As decision makers prepare for the future, they must deal with the reality that many of today’s technologies are becoming outdated. In fact, three technologies in particular will almost certainly be replaced in the next 7-10 years:

Extract, Transform, Load (ETL)

While ETL processes have been invaluable over the years, allowing organizations to move data from one system to the next, most ETL processes contain a large amount of business logic as part of the transformation phase. The challenge of storing business logic in an ETL platform lies in the rigidity of the environment; it isn’t code that can become part of modern deployment automation and testing. As a result, the industry is moving towards an ELT model, where the ‘T’ of transformation happens outside of an integration tool, where it is easier to modify, so organizations can more quickly react to change. In addition ETL processes are meant for batch processing and are not designed to participate in an increasingly real-time event-driven environments.

ODBC Drivers

The first ODBC drivers were built a few decades ago in the early 90s, allowing organizations to tap into complex data sources using SQL commands, unleashing the ability to stitch information together rapidly. While many corporations continue to use ODBC drivers to abstract modern systems and services, their point-to-point deployment model, outdated security capabilities and rigid deployment architecture makes them hard to leverage in modern pipeline-oriented deployment infrastructure. More importantly ODBC drivers are fundamentally limited in their ability to deliver data beyond relational data sets, forcing organizations to solve their data integration challenges using other solutions. ODBC drivers will be replaced by more modern Data as a Service platforms that can leverage with the latest security standards, address the traditional reporting needs through a native relational interface, and integrate with modern platforms through HTTP/REST seamlessly.

Real-Time Data Warehouse

Many organizations currently have a large number of data warehouses and data marts in use, leveraging relational or no-sql databases. These organizations are realizing that their data warehouses suffer from two primary issues: data shape, and timeliness. Both of these issues directly stem from the increase in technology adoption rate and increasingly diverse SaaS hosting models. Absorbing new data models, or changing existing models becomes exceedingly complex, and the ability to react quickly to customer behavior, driven partly from social media interaction, is luring organizations to embark on the real-time data warehouse model. However, real-time data warehouses are likely to lose traction as more real-time streaming capabilities emerge, replacing the need to go to a data store for detecting near-time business events. Indeed, messaging and event streaming platforms are removing the need for complex data stores to achieve business agility.

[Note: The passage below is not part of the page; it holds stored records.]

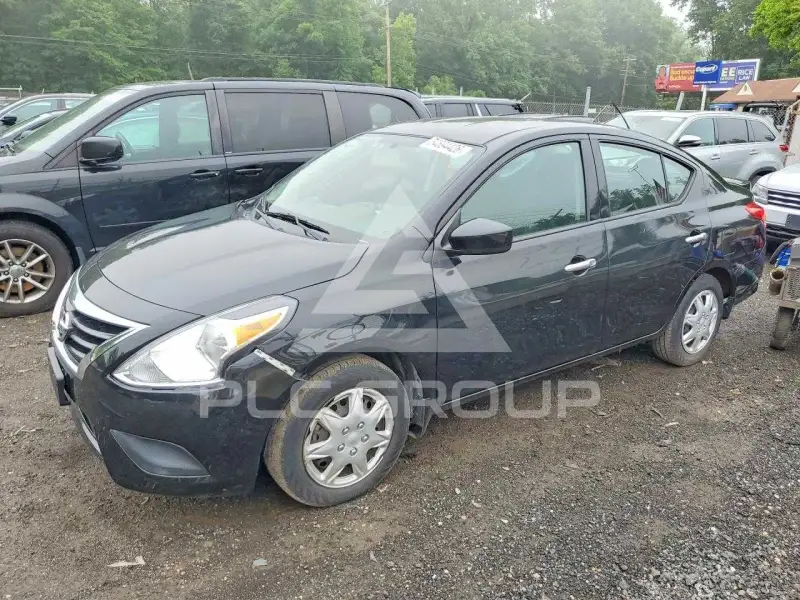 2018 Nissan VERSA photo
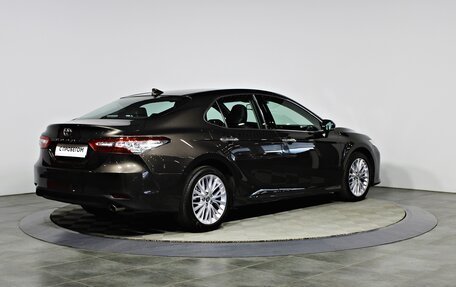 Toyota Camry, 2019 год, 2 987 000 рублей, 5 фотография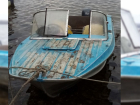 На Волге в Самаре обнаружили лодку с включённым мотором и привязанным к ней трупом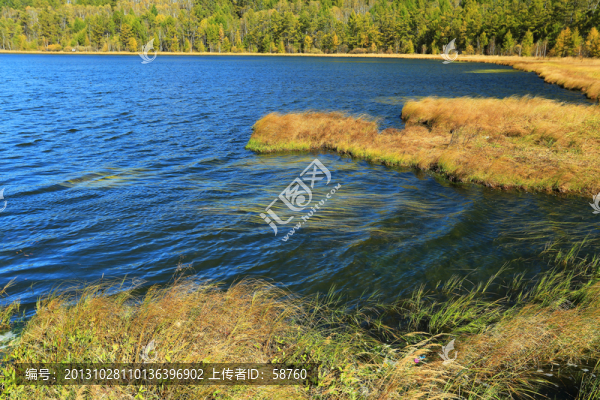 阿爾山天池秋景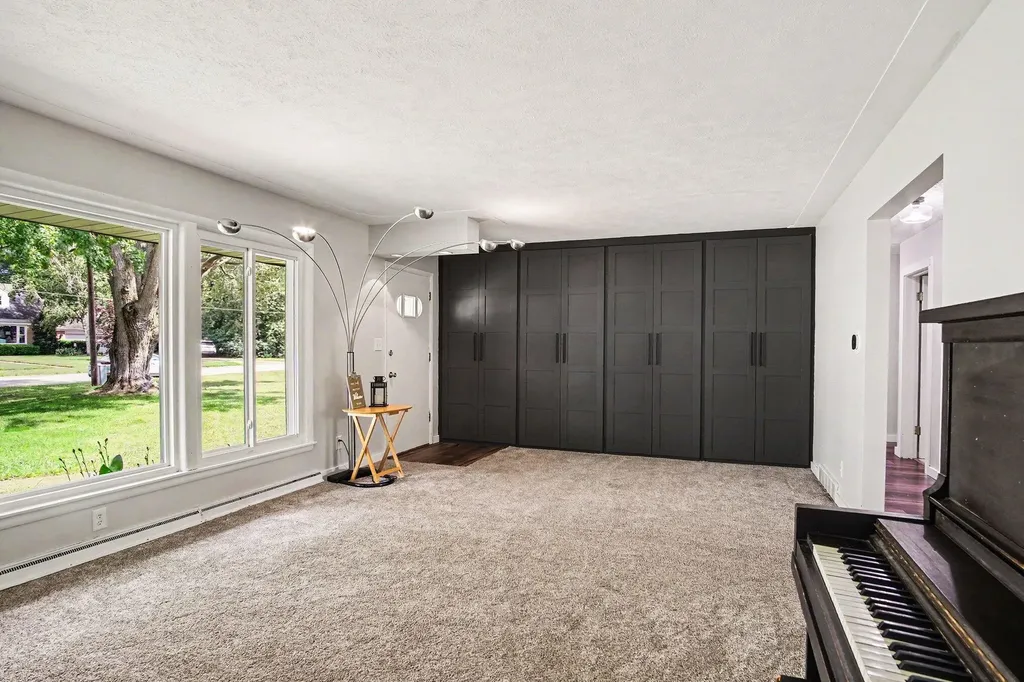 11351 Brown Avenue Allendale Charter Township MI 49401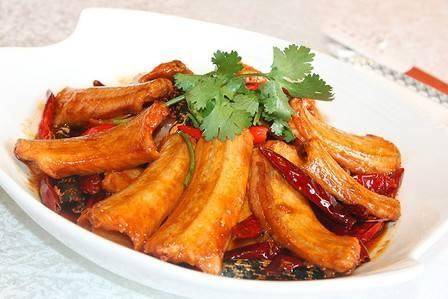 所属湘菜,其口感鲜美,营养全面,享誉全国,但它的最主要特点是姜汁味浓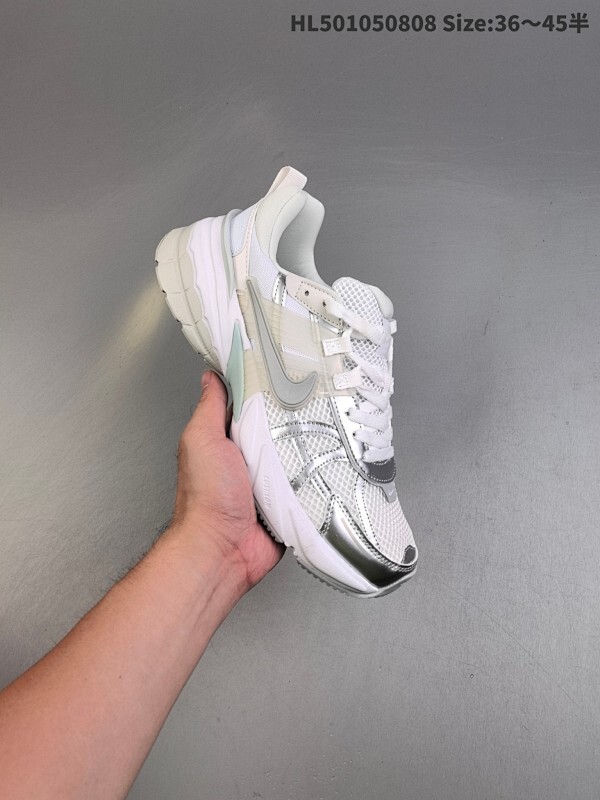 NIKE V2K Run 减震防滑复古低帮跑步鞋 材质上使用大面积网眼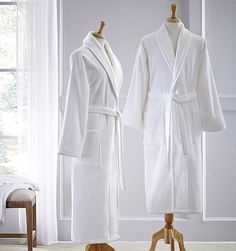 Plush, cozy, and warm, our ultra-smooth, cotton velour unisex robe is designed to keep you perfectly pampered. Fairfield features a shawl collar and two patch pockets for the most luxurious and chic lounge style. Lead time for monogrammed items is 2-4 weeks after the order has been placed. No returns are permitted on monogrammed items unless product is defective in materials or workmanship. Please reference our Shipping & Returns policy for more information. Luxury Robes, White Shawl, Lounge Style, Chic Lounge, Rolled Collar, Modern Classic Style, Linen Shades, Shawl Collar, One Size Fits All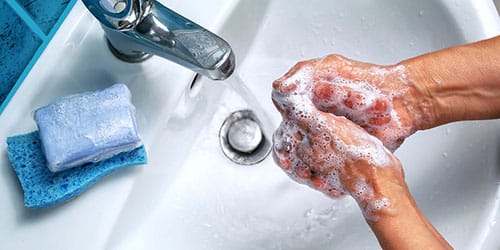 Мыть руки с мылом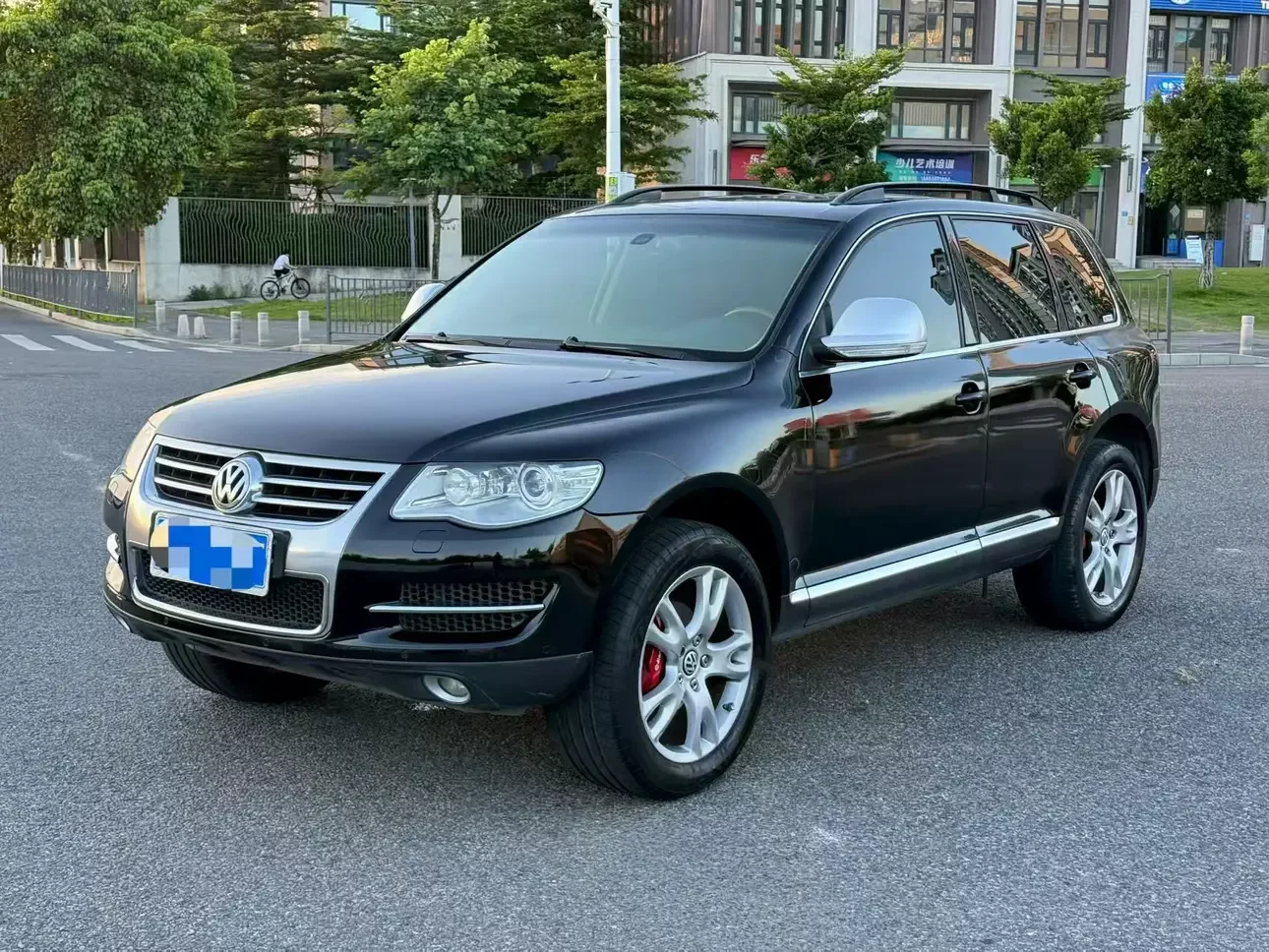 Volkswagen Touareg  из Китая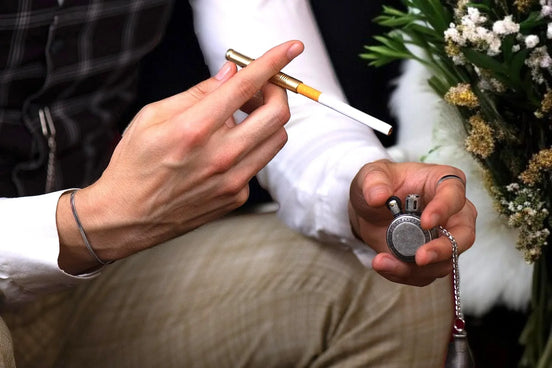 Fume-cigarette personnalisé acier or slim – modèle vintage gravé chic - Roaring 20s Paris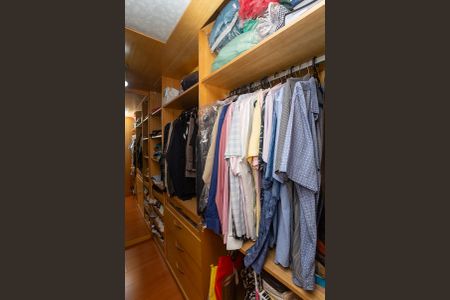 Apartamento à venda com 115m², 4 quartos e 1 vagaCloset Quarto 3 Suíte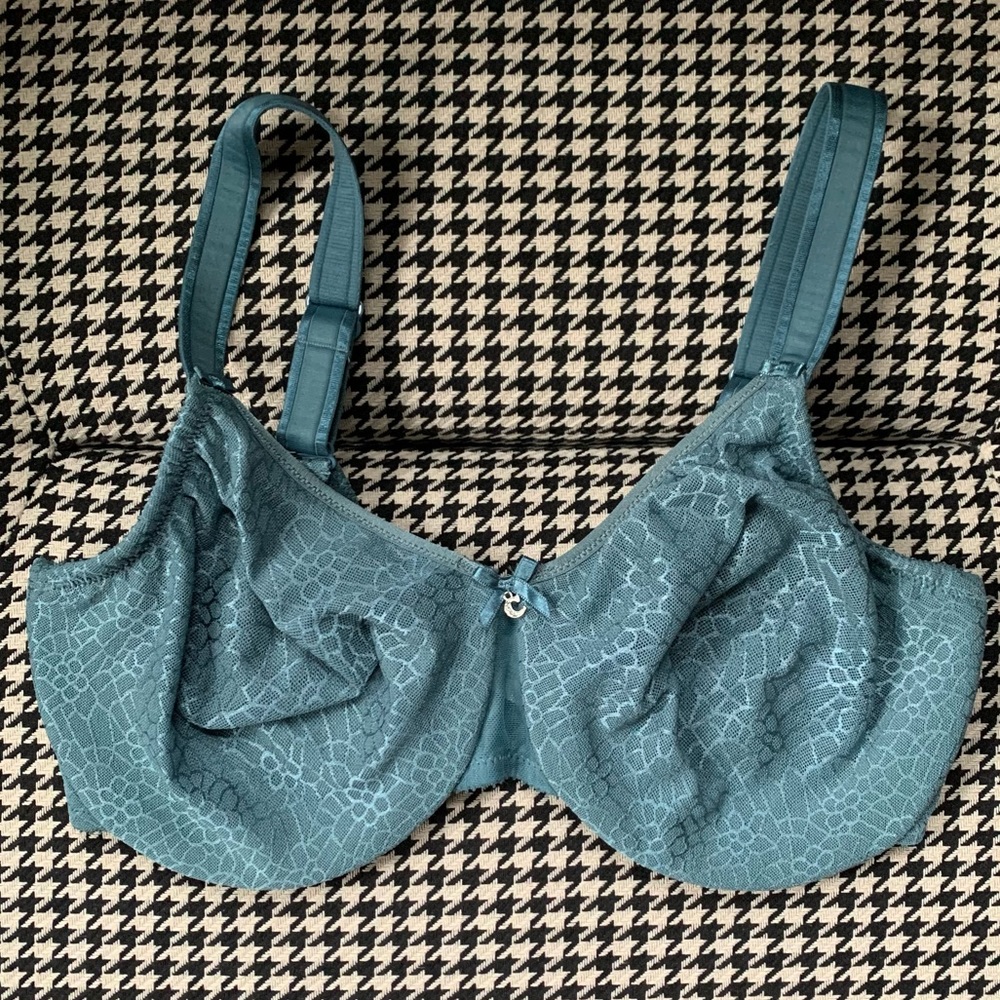 C Magnifique Seamless Unlined Minimizer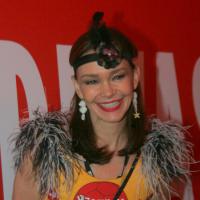 Carnaval: Julia Lemmertz, de 'Em Família', chega a camarote sem Alexandre Borges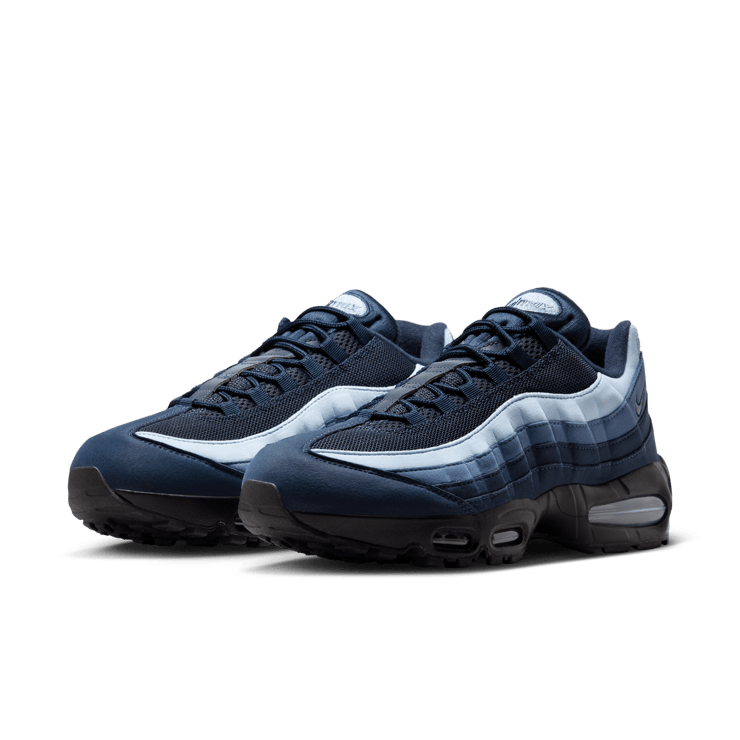 Nike Air Max 95 OG Obsidian Angle 3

Modern Business Demands More Flexibility

Today’s consumers have high expectations. The drivers that push organizations towards more decentralized information services, and the rate of change that cloud computing and hosted services introduces will continue to force organizations to rethink how data is ingested, distributed, and turned into useful information. Time-to-market expectations will only continue to get more compressed and drive innovation in the data integration space.

Will your organization still be building integrations with outdated technology, while others are unifying around a more flexible approach?

Now is the time to reconsider traditional ETL processes, data services, and real-time processing capabilities.